-------- Supplied entries

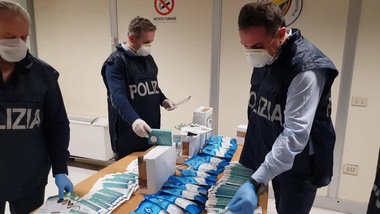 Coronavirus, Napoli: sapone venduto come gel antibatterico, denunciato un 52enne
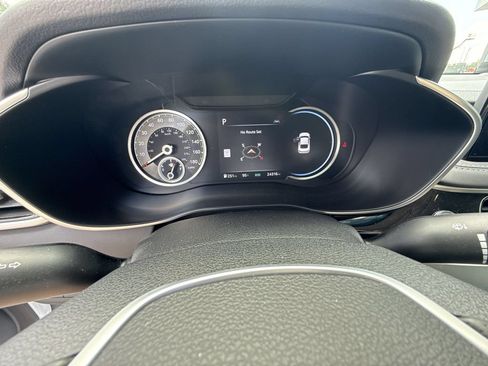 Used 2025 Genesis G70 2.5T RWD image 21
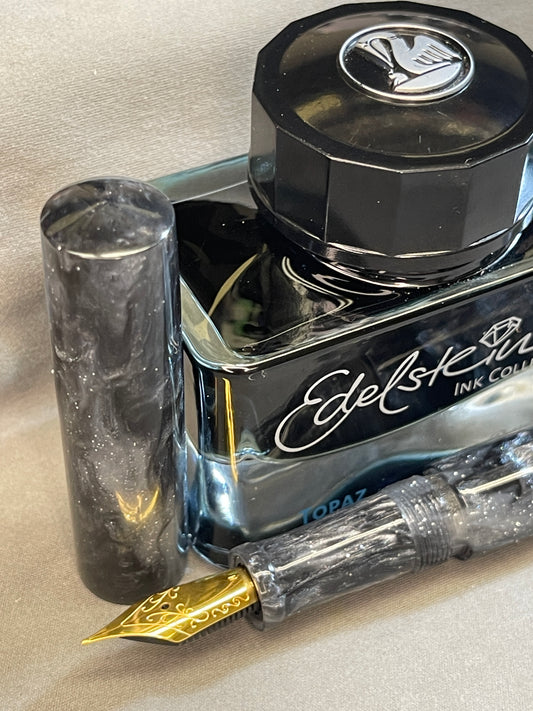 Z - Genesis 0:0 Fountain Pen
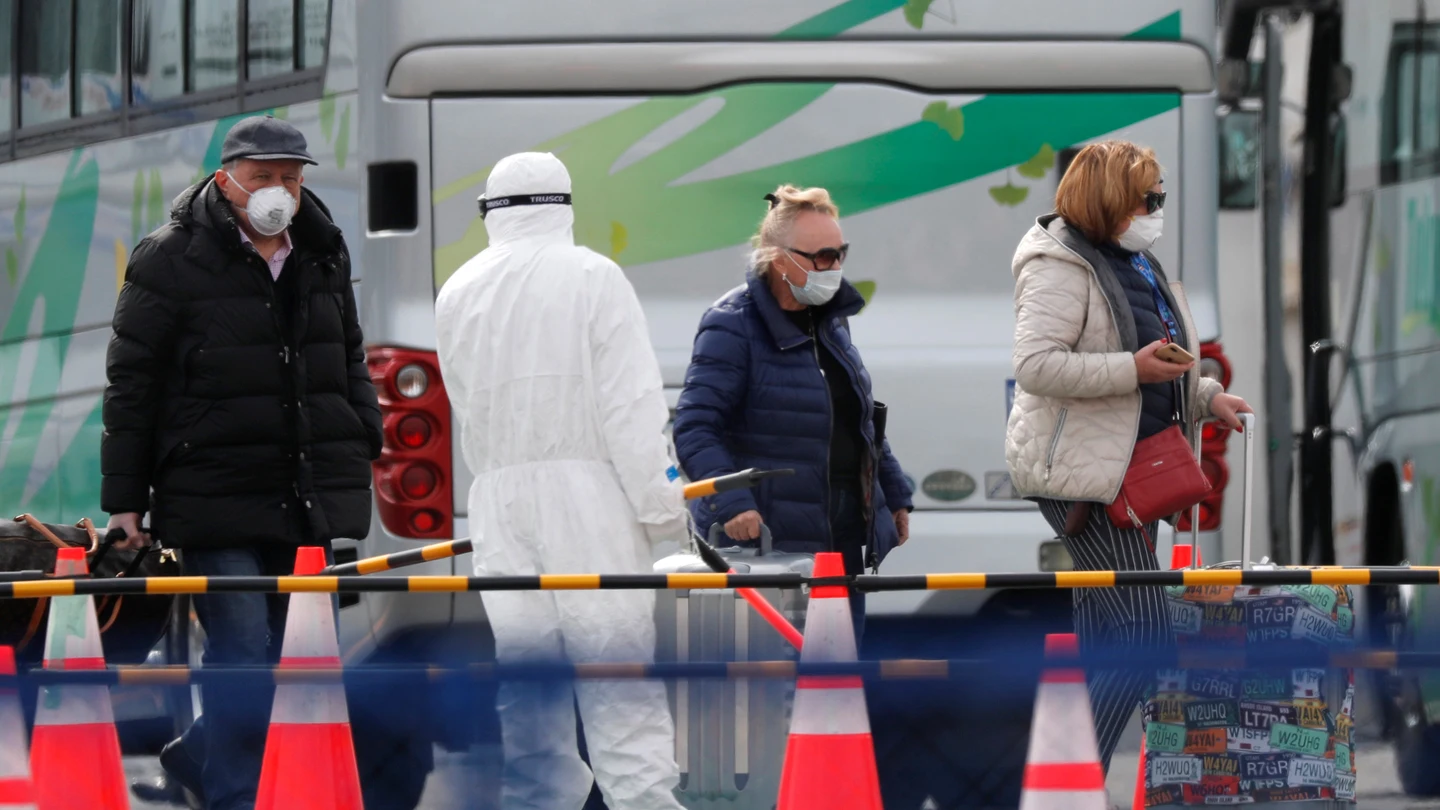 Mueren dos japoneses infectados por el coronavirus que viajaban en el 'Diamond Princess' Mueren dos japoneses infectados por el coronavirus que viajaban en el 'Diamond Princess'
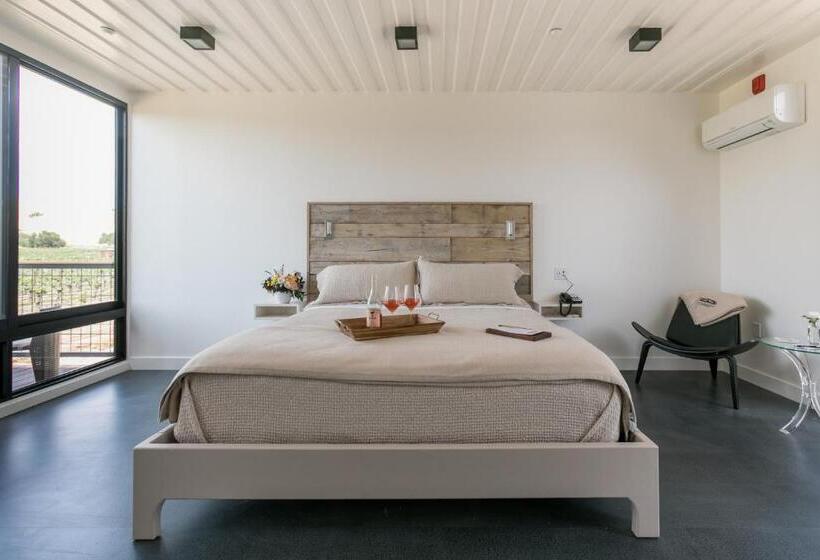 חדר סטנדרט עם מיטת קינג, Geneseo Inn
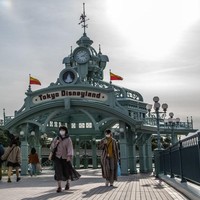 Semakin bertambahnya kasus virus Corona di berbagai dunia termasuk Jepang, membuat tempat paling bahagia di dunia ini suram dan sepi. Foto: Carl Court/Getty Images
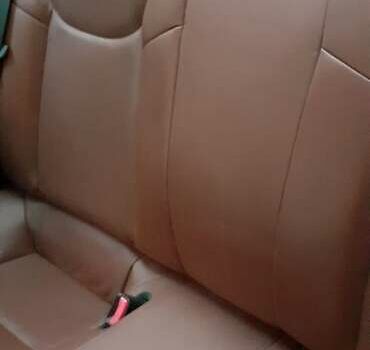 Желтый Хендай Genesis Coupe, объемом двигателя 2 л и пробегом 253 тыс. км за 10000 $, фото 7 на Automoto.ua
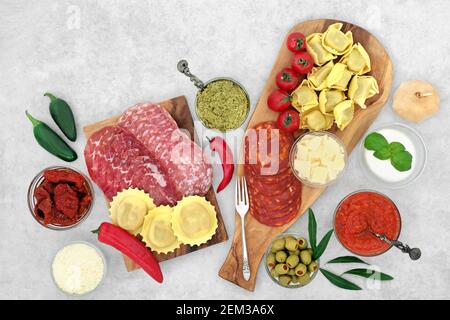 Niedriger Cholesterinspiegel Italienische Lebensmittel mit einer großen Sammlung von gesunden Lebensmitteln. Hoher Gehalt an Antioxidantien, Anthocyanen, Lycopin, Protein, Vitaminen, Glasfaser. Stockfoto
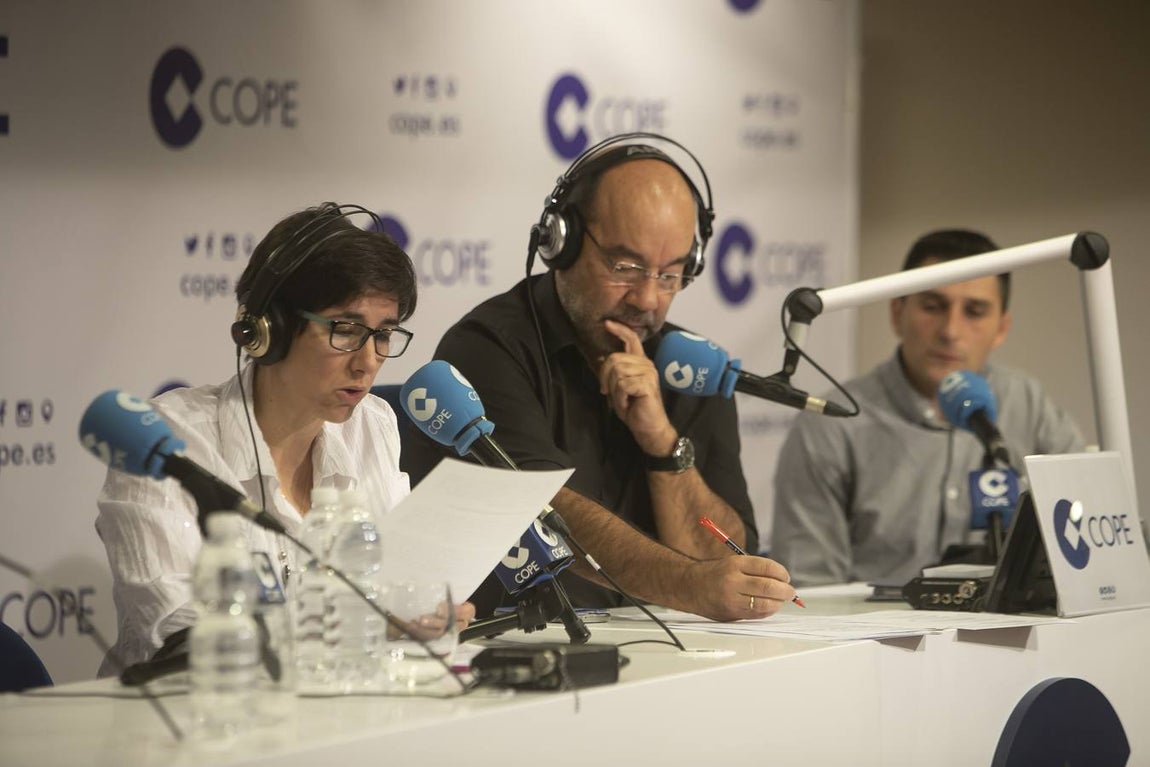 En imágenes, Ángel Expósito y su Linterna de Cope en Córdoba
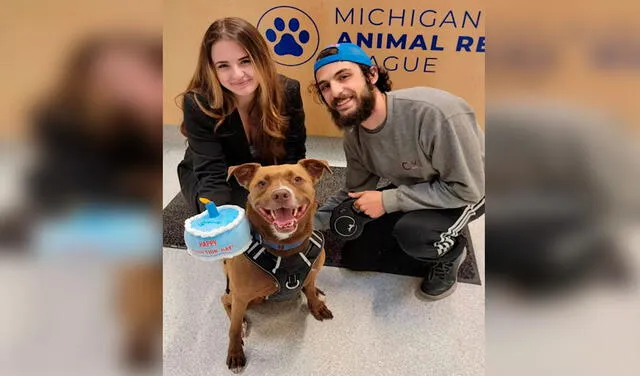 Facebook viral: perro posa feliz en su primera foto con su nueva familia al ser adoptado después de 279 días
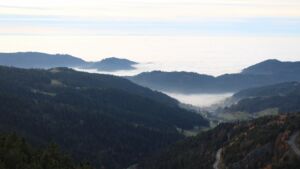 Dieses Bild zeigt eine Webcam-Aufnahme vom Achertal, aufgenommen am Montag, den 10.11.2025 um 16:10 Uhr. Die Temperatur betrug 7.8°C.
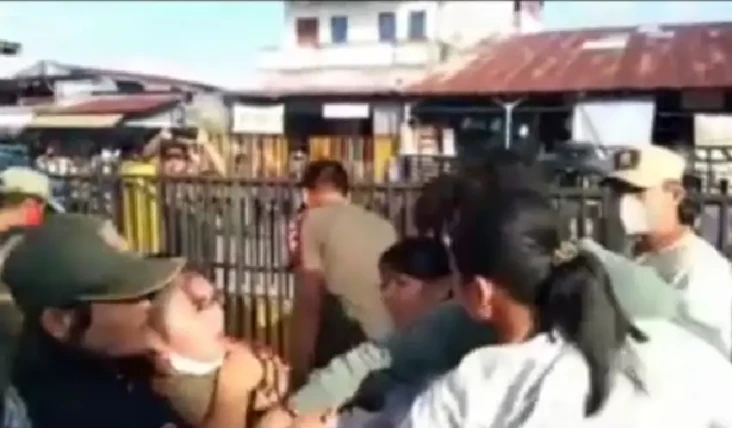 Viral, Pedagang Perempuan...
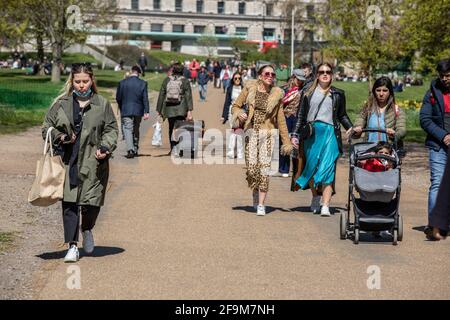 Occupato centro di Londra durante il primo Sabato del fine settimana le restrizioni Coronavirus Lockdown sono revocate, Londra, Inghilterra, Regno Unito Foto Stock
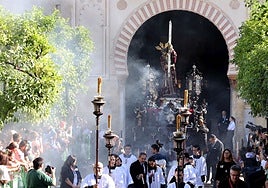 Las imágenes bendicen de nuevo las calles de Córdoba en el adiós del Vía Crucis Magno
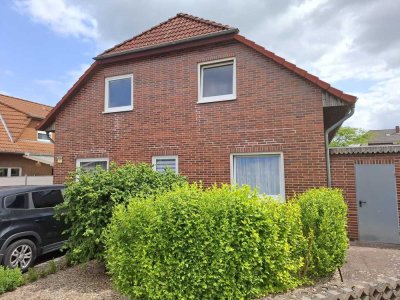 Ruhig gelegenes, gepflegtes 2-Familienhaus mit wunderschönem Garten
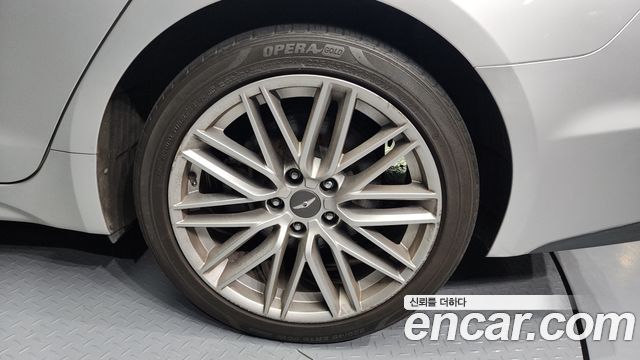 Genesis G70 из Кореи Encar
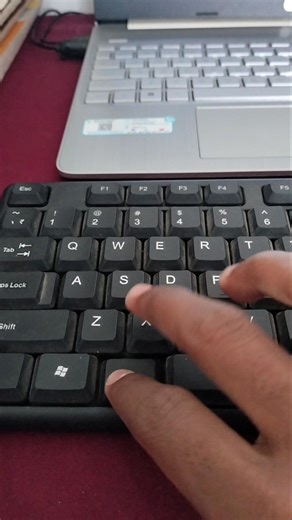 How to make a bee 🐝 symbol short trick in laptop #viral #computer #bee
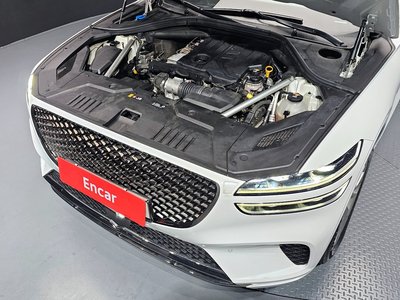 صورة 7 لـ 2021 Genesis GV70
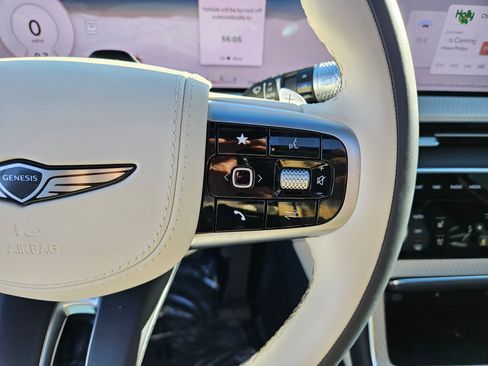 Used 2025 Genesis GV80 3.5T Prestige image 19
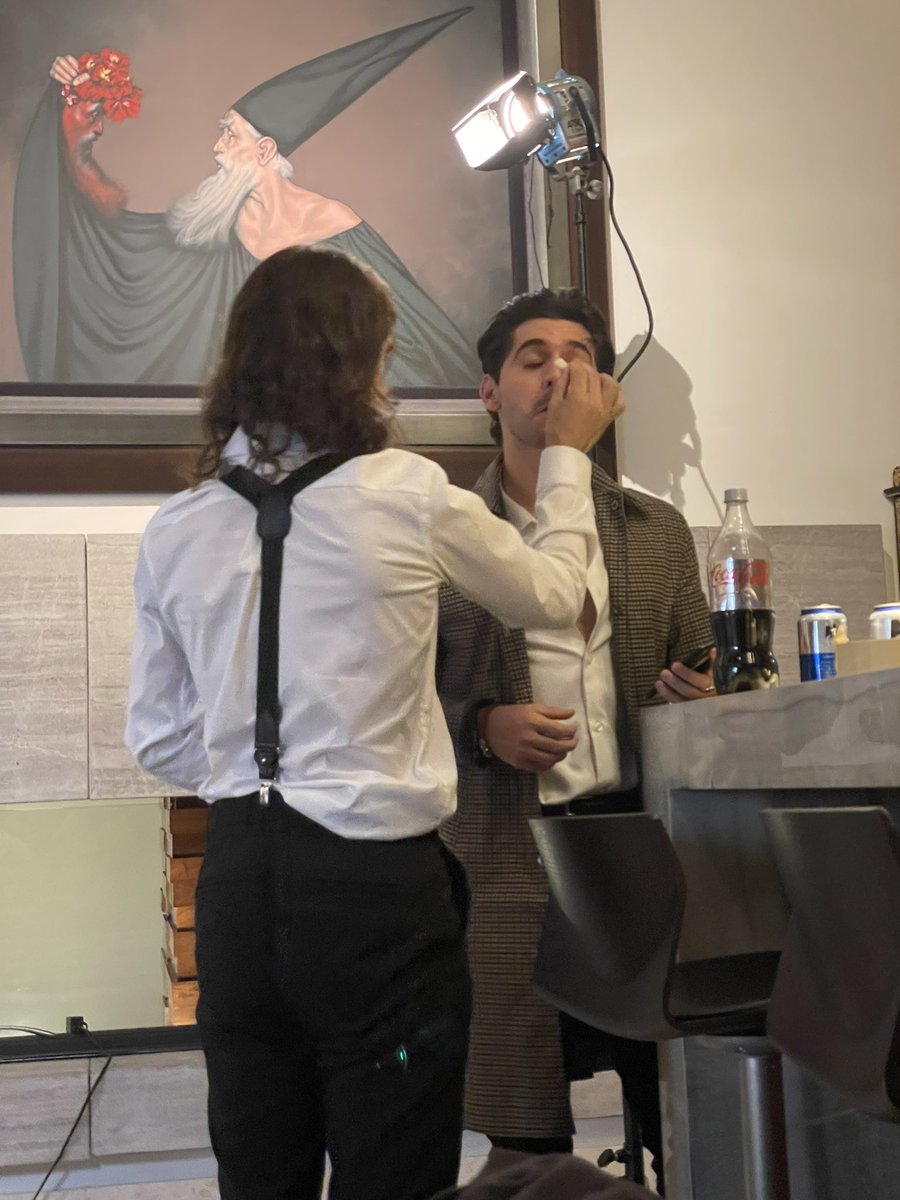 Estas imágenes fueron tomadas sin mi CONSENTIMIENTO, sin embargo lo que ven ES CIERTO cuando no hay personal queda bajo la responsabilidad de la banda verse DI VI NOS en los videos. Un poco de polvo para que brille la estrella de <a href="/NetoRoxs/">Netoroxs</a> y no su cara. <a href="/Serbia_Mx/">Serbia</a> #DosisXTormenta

----------------

• **Aim of the task**
Please transcribe, word for word, every line from the first line of the records above through the line containing "Z - Genesis 0:0 Fountain Pen", and leave out any pictures.

• **Exercise response**
 Coronavirus, Napoli: sapone venduto come gel antibatterico, denunciato un 52enne
 Used 2025 Genesis G70 2.5T RWD image 21
 Z - Genesis 0:0 Fountain Pen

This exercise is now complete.